Background No published burden of illness or cost-effectiveness studies on cyanide (CN) poisoning exist. A health economic model has therefore been developed to determine the cost-effectiveness of hydroxocobalamin (Cyanokit) in suspected and known CN poisoning.

Objectives To assess the cost-effectiveness of hydroxocobalamin versus standard treatment in known or suspected CN poisoning in Belgium.
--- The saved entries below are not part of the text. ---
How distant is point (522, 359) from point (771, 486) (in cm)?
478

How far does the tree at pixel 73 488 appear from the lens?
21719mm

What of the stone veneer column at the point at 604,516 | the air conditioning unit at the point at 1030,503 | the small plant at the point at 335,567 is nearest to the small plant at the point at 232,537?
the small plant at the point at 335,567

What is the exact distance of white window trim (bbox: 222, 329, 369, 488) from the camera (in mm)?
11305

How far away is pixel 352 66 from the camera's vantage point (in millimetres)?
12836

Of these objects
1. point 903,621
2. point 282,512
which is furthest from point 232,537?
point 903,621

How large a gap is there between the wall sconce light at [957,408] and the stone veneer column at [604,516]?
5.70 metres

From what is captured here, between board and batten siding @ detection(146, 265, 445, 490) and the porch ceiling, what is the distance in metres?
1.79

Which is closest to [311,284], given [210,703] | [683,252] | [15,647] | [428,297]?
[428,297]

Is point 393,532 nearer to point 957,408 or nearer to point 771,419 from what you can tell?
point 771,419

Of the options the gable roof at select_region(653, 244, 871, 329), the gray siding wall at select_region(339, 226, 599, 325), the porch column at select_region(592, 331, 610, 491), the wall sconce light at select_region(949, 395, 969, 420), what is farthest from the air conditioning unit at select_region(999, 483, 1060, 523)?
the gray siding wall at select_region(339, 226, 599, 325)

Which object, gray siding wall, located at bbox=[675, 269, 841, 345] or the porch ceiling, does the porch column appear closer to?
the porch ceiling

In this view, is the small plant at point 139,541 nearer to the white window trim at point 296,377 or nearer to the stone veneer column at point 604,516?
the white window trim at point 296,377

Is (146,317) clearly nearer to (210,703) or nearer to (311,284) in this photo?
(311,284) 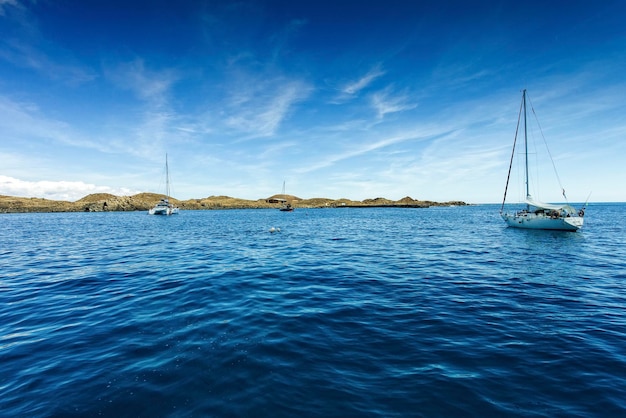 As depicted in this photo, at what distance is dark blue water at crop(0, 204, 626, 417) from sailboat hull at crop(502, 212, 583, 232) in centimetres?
2686

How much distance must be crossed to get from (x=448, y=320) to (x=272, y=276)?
1034 cm

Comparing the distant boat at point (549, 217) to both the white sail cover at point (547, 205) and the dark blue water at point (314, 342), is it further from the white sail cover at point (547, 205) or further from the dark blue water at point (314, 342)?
the dark blue water at point (314, 342)

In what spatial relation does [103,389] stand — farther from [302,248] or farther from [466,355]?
[302,248]

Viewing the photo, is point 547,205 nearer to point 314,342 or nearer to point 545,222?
point 545,222

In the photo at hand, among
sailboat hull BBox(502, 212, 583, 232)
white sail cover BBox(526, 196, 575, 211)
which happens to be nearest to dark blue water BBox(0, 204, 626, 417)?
white sail cover BBox(526, 196, 575, 211)

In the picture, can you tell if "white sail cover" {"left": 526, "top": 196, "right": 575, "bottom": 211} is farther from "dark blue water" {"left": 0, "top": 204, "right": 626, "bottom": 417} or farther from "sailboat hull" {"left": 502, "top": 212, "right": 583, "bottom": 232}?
"dark blue water" {"left": 0, "top": 204, "right": 626, "bottom": 417}

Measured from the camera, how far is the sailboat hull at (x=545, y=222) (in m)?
40.2

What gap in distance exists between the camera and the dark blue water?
6.04 metres

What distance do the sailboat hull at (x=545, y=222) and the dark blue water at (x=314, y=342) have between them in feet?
88.1

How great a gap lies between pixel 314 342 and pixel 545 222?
48.2 metres

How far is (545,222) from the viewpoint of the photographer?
138ft

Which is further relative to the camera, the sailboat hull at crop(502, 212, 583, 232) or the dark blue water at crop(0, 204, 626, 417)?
the sailboat hull at crop(502, 212, 583, 232)

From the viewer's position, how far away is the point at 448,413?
18.6 feet

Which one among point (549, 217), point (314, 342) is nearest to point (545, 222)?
point (549, 217) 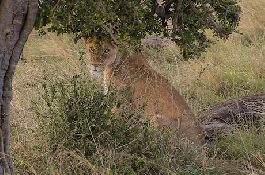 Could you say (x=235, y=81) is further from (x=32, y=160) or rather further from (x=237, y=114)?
(x=32, y=160)

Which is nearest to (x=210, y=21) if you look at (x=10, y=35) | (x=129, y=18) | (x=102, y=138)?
(x=129, y=18)

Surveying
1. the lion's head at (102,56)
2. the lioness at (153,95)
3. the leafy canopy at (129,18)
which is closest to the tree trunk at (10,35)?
the leafy canopy at (129,18)

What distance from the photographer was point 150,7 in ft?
13.4

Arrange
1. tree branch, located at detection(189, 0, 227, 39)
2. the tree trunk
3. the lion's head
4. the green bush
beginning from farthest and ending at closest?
the lion's head, the green bush, tree branch, located at detection(189, 0, 227, 39), the tree trunk

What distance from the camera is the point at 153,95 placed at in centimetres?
552

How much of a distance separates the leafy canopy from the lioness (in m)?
0.93

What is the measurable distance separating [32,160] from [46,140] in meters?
0.25

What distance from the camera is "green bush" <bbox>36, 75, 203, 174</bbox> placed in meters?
4.12

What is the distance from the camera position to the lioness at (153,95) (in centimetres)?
524

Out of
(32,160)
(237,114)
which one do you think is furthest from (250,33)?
(32,160)

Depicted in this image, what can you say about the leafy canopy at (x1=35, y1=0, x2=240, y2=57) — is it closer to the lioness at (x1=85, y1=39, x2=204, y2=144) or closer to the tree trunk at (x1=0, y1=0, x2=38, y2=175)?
the tree trunk at (x1=0, y1=0, x2=38, y2=175)

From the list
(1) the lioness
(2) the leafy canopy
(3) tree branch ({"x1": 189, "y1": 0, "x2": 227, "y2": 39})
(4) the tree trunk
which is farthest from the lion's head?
(4) the tree trunk

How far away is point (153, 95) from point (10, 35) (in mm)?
2460

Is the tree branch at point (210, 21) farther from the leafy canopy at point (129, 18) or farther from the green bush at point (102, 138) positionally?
the green bush at point (102, 138) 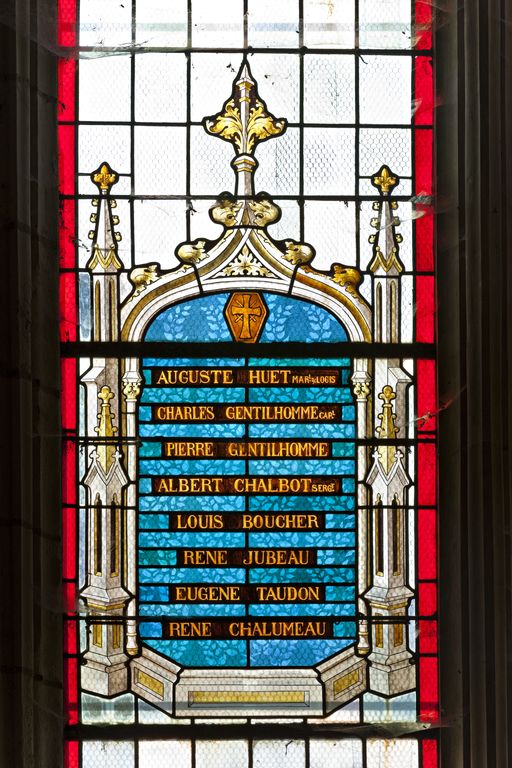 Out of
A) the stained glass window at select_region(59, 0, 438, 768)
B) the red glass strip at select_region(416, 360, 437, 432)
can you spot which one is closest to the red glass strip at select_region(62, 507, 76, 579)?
the stained glass window at select_region(59, 0, 438, 768)

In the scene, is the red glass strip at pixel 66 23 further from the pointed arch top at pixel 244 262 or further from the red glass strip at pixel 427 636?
the red glass strip at pixel 427 636

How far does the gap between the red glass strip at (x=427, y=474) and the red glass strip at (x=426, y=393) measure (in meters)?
0.06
Methods Probabilities for neurological sequelae and mortality were applied based on phase III trials, literature data and the hydroxocobalamin preclinical trial. Since no cost and utility data for CN poisoning exist, costs and utilities of very comparable or related diseases derived from publicly available Belgian sources and literature were applied. Direct medical costs from the public healthcare payer's perspective were used. The time horizon was 1 year. Sensitivity analyses were performed to assess the robustness of the results.

Results Base-case analyses versus standard treatment revealed cost-effective results (incremental cost-effectiveness ratio=9921€/QALY) in suspected CN poisoning and dominance (more effective and cost-saving) in known CN poisoning. It was determined that 17 lives could be saved and one sequel prevented per year on a national level using hydroxocobalamin treatment. One-way sensitivity analyses varying efficacy, costs, utilities and time horizon demonstrated the robustness of the results. The results were most sensitive to the probability of death and neurological sequelae, but remained within acceptable limits of cost-effectiveness. Furthermore, it was shown that a longer time frame (5 or 10 years) leads to even more favourable cost-effective results.

Conclusions Hydroxocobalamin appears cost-effective to dominant compared with standard treatment in CN poisoning from a healthcare payer's perspective.